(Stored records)
==*==

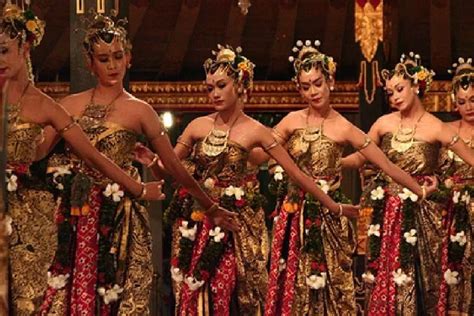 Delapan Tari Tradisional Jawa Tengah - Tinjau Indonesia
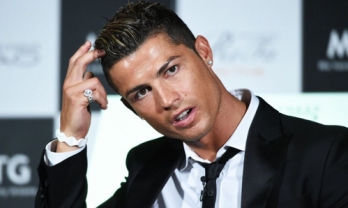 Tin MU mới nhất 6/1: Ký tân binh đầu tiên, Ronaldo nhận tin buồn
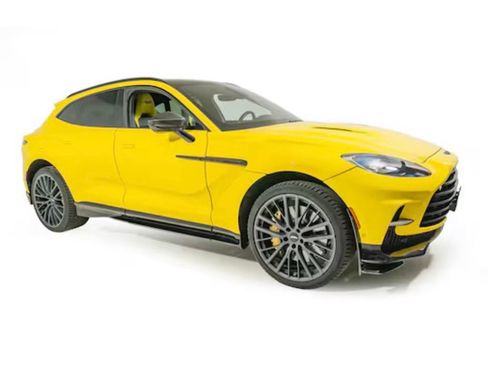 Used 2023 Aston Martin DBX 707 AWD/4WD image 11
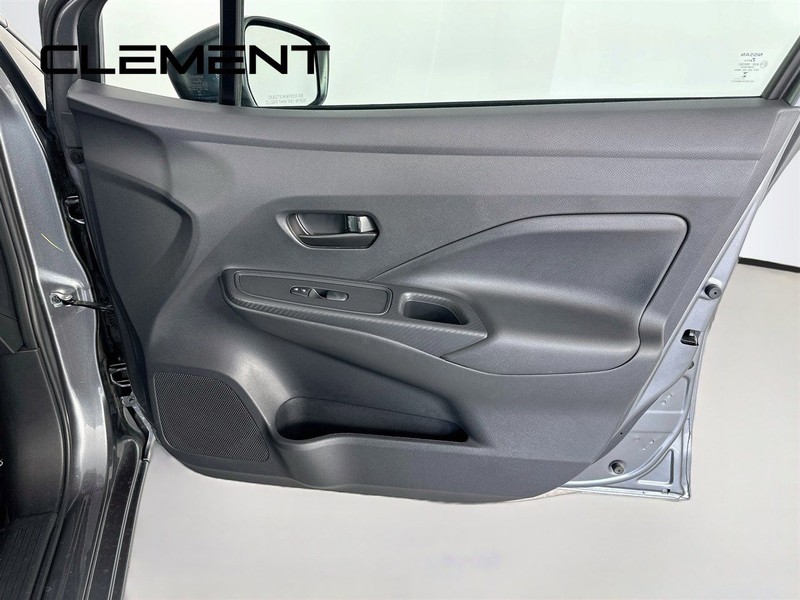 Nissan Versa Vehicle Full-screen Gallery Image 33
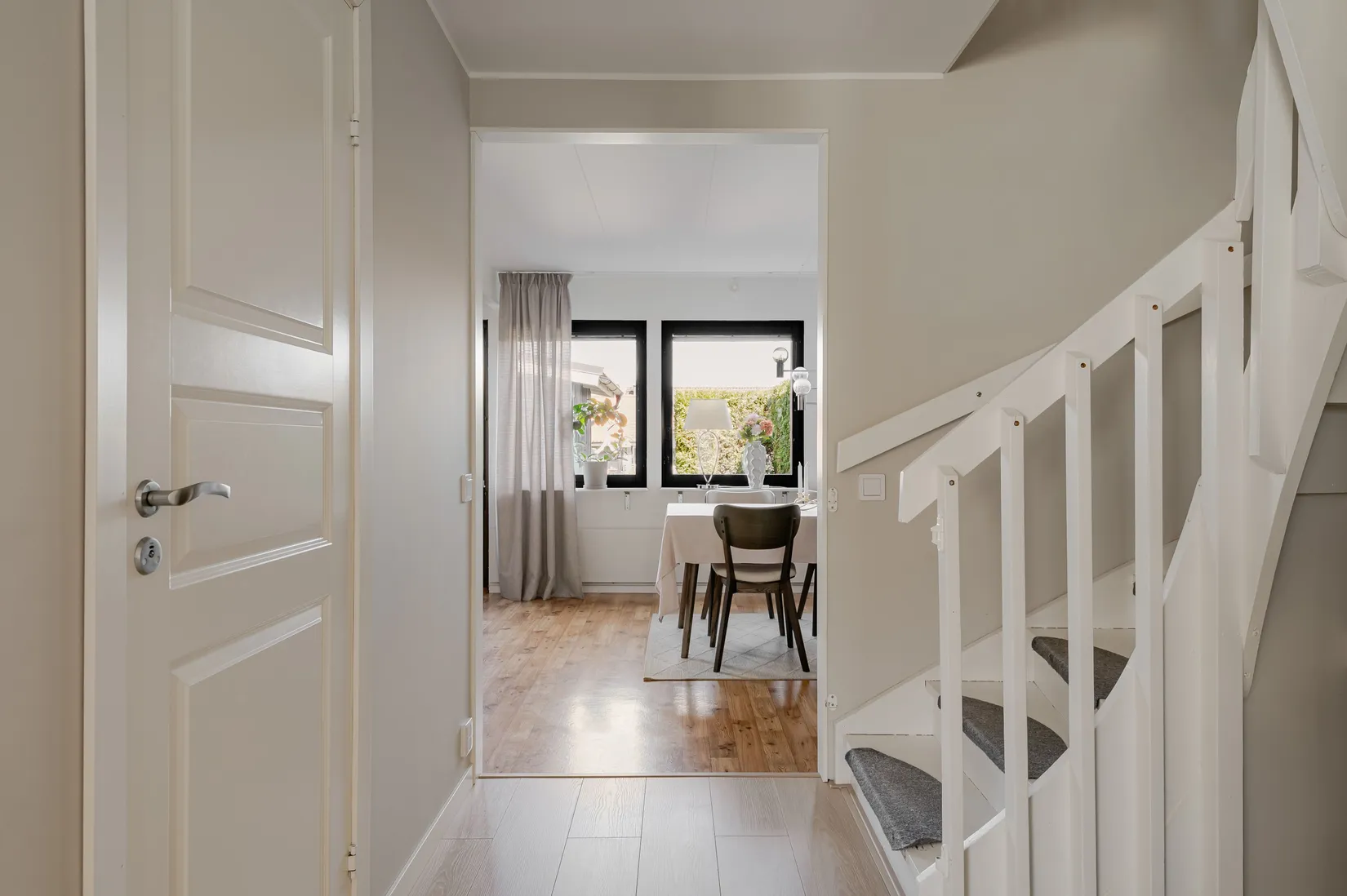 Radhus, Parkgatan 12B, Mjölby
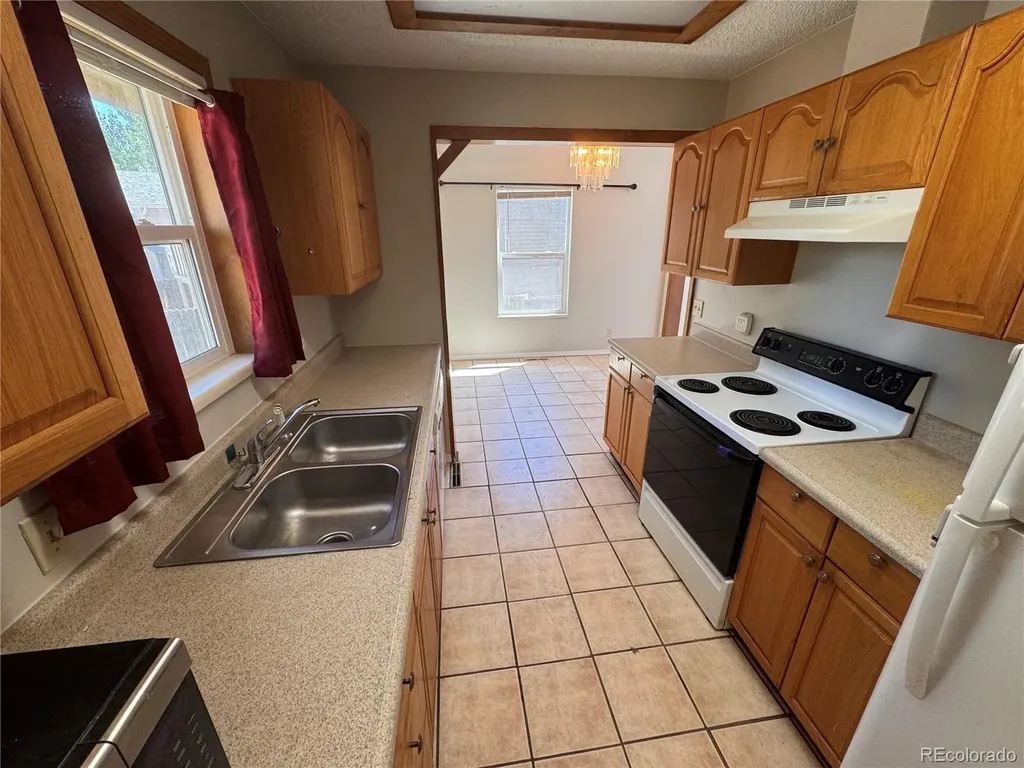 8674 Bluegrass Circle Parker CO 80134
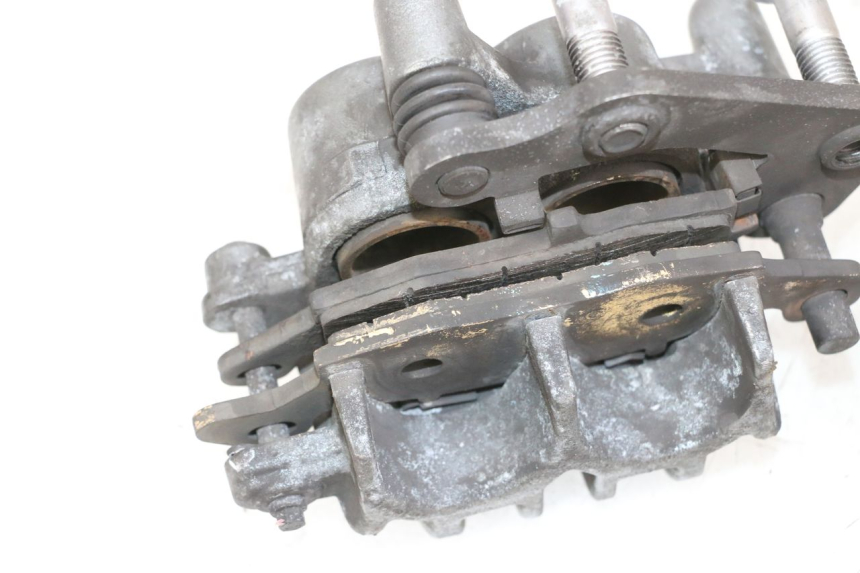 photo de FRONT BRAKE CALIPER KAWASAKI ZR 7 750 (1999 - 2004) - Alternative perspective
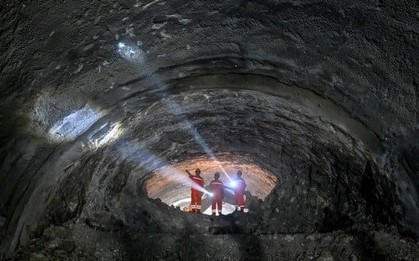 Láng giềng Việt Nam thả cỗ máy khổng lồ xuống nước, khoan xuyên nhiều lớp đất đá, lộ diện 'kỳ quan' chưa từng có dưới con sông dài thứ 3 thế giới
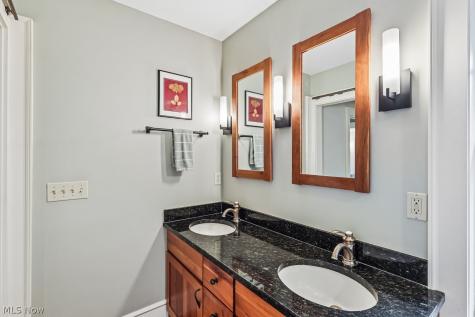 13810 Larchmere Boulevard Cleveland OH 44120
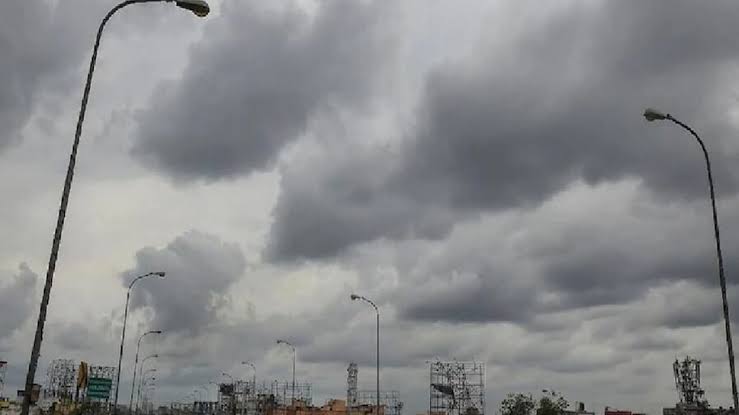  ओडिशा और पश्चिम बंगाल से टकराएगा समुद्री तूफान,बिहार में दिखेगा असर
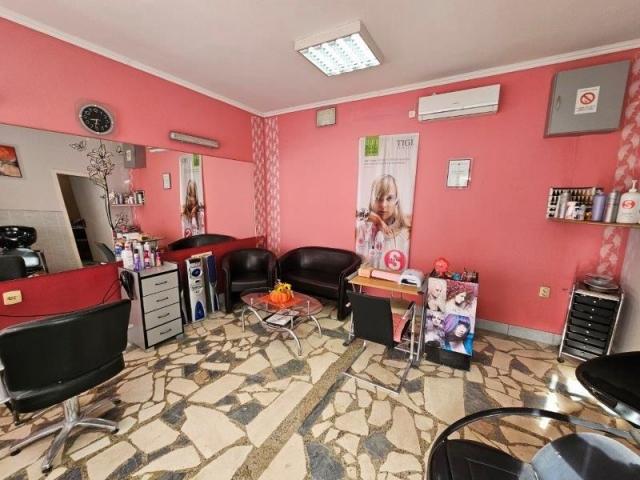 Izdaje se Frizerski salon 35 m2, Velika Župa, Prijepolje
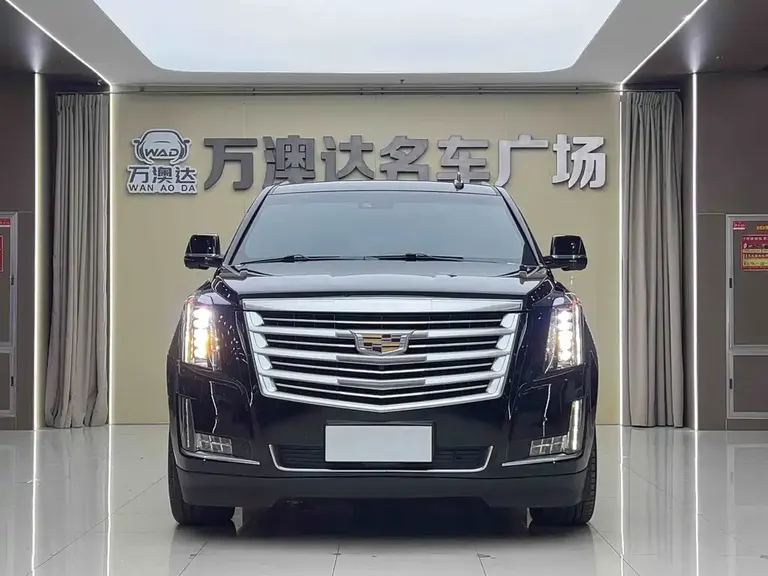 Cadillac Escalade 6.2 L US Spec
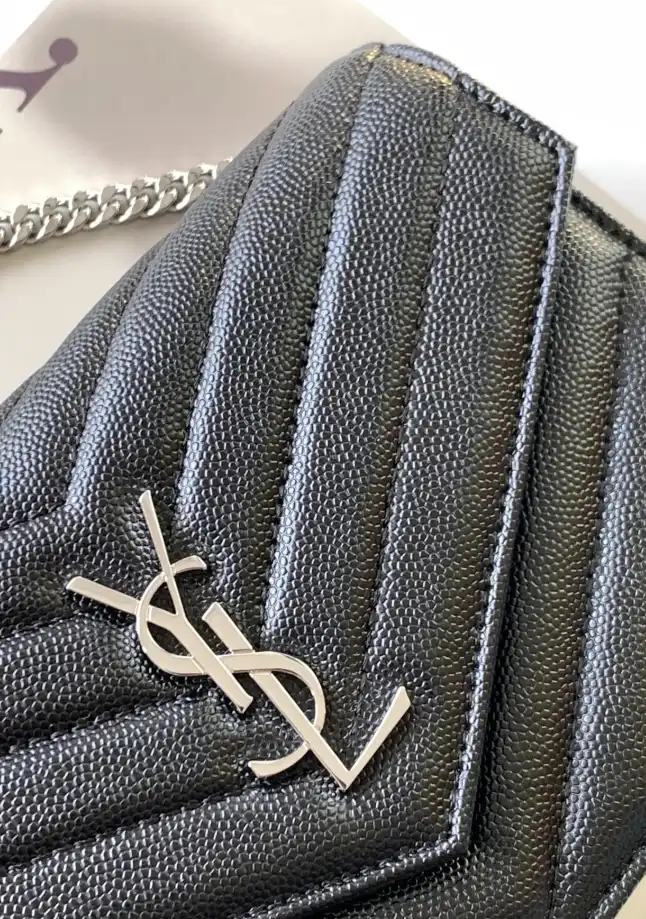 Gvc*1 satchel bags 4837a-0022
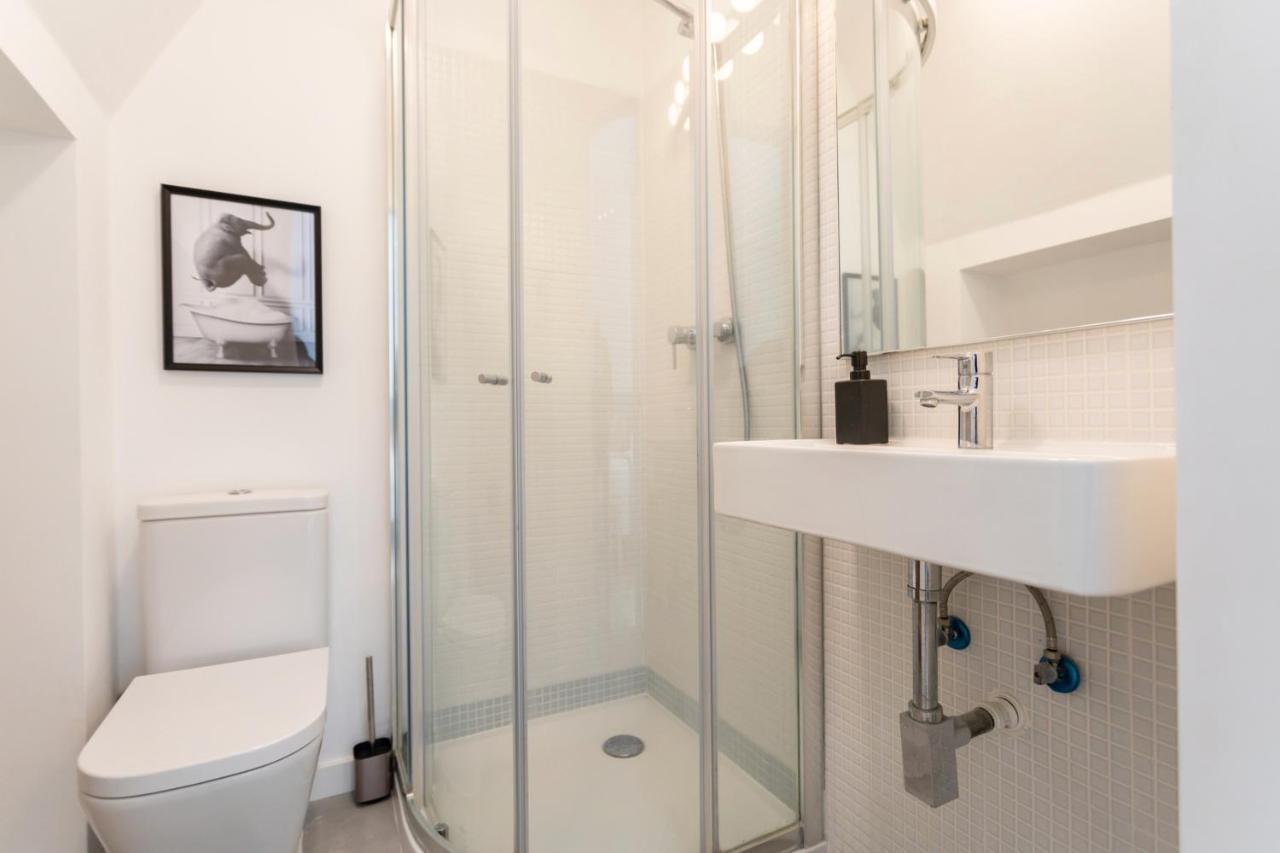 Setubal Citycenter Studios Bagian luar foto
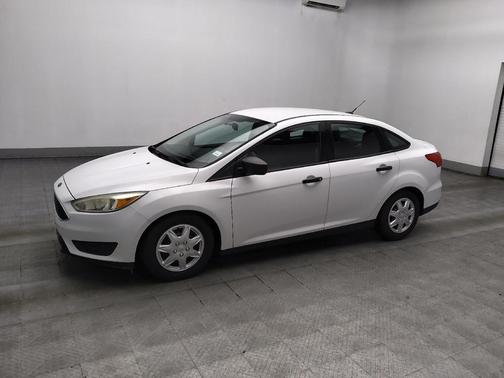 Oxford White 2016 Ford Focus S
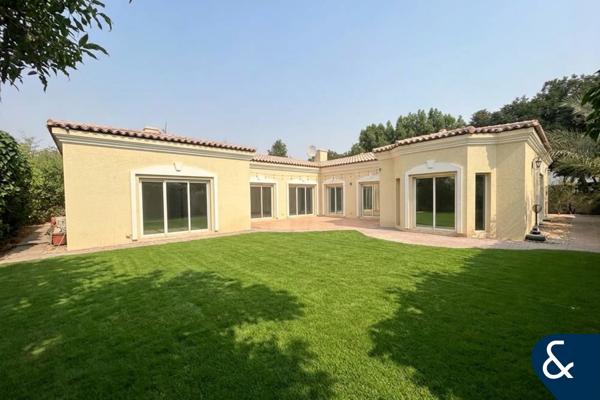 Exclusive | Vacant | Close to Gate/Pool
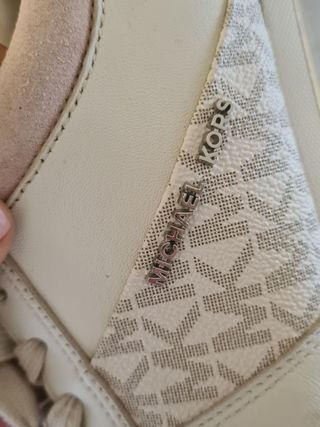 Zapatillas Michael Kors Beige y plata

==*==

## WORK INSTRUCTIONS
Transcribe the whole of the data exactly, minus any pictures.

## REPLY
 Delapan Tari Tradisional Jawa Tengah - Tinjau Indonesia
 Tin MU mới nhất 6/1: Ký tân binh đầu tiên, Ronaldo nhận tin buồn
 Used 2023 Aston Martin DBX 707 AWD/4WD image 11
 Nissan Versa Vehicle Full-screen Gallery Image 33
 Radhus, Parkgatan 12B, Mjölby
 8674 Bluegrass Circle Parker CO 80134
 photo de FRONT BRAKE CALIPER KAWASAKI ZR 7 750 (1999 - 2004) - Alternative perspective
 Láng giềng Việt Nam thả cỗ máy khổng lồ xuống nước, khoan xuyên nhiều lớp đất đá, lộ diện 'kỳ quan' chưa từng có dưới con sông dài thứ 3 thế giới
 13810 Larchmere Boulevard Cleveland OH 44120
  ओडिशा और पश्चिम बंगाल से टकराएगा समुद्री तूफान,बिहार में दिखेगा असर
 Izdaje se Frizerski salon 35 m2, Velika Župa, Prijepolje
 Cadillac Escalade 6.2 L US Spec
 Gvc*1 satchel bags 4837a-0022
 Setubal Citycenter Studios Bagian luar foto
 Oxford White 2016 Ford Focus S
 Exclusive | Vacant | Close to Gate/Pool
 Zapatillas Michael Kors Beige y plata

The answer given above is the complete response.